- _Problem to solve_
Copy out each line of the data that includes the string "sleeve".

- _Crawled caption data_
»»
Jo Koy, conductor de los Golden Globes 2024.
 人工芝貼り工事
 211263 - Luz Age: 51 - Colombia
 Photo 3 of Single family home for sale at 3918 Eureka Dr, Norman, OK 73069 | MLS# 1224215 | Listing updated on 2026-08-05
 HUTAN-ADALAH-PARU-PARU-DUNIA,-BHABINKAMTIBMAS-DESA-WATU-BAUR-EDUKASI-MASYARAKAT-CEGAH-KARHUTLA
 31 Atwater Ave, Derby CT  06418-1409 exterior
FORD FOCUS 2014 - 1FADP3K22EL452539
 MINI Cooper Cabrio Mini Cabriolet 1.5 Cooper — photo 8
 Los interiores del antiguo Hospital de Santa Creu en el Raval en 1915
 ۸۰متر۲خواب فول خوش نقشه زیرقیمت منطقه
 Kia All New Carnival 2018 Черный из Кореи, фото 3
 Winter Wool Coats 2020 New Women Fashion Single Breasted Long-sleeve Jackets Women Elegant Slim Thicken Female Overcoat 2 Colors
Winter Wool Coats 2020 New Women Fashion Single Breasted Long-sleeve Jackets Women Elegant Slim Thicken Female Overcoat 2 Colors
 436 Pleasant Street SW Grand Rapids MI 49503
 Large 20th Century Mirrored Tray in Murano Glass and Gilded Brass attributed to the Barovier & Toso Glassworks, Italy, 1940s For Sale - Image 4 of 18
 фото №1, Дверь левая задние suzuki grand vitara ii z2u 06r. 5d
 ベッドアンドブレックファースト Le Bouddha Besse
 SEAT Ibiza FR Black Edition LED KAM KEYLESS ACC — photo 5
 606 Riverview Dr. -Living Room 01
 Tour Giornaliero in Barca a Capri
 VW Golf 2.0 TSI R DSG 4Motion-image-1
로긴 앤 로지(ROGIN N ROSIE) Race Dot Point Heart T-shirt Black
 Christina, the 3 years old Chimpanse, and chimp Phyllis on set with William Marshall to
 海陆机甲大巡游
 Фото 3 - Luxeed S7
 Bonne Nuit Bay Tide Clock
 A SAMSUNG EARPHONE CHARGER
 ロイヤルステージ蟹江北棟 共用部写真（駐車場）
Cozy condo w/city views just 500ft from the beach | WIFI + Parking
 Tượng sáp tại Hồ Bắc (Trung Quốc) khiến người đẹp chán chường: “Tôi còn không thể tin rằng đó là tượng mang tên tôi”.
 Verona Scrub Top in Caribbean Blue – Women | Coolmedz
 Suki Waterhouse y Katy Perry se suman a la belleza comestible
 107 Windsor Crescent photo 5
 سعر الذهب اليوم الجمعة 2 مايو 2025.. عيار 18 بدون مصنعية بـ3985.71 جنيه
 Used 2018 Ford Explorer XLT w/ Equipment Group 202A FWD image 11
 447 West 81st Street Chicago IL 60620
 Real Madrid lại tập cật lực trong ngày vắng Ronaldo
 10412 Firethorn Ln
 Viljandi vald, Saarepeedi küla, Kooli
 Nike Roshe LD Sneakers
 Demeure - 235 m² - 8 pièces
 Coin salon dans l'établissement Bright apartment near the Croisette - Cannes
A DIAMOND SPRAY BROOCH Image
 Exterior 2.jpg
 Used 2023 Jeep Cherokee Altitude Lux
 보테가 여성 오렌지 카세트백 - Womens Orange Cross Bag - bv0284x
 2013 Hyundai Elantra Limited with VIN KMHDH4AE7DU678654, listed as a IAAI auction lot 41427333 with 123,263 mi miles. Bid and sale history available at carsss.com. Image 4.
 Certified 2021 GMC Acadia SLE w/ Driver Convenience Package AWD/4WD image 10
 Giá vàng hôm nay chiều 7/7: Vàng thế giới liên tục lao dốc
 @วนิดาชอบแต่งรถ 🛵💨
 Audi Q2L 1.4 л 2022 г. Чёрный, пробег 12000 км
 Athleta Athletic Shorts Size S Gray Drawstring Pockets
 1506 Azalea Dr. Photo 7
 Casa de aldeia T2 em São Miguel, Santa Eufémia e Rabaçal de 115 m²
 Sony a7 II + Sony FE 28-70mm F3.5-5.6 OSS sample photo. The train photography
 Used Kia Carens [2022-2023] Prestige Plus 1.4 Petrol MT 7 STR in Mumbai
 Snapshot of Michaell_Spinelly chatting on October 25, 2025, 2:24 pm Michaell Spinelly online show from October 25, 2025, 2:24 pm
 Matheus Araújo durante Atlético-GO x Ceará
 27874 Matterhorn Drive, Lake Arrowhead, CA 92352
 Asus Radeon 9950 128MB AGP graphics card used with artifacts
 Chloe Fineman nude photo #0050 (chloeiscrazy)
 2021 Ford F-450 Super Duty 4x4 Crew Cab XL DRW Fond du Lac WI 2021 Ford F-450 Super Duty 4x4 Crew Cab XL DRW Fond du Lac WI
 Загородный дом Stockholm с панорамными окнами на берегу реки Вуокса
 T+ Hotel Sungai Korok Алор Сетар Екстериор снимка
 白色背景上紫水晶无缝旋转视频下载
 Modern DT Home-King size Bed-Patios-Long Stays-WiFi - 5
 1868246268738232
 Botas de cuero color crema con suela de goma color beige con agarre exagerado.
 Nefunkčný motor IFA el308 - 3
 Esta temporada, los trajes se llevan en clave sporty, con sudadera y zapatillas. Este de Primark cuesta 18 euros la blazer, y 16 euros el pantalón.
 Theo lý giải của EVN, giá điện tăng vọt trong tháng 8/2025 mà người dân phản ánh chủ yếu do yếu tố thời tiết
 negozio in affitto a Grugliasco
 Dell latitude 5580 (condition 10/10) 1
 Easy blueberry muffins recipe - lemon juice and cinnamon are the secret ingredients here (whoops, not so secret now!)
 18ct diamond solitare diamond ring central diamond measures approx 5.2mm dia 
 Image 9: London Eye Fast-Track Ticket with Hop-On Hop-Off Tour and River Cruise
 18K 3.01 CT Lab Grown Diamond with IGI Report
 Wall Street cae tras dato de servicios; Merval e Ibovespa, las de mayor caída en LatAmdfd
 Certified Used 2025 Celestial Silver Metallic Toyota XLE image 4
««
- _Result of the exercise_
 Winter Wool Coats 2020 New Women Fashion Single Breasted Long-sleeve Jackets Women Elegant Slim Thicken Female Overcoat 2 Colors
Winter Wool Coats 2020 New Women Fashion Single Breasted Long-sleeve Jackets Women Elegant Slim Thicken Female Overcoat 2 Colors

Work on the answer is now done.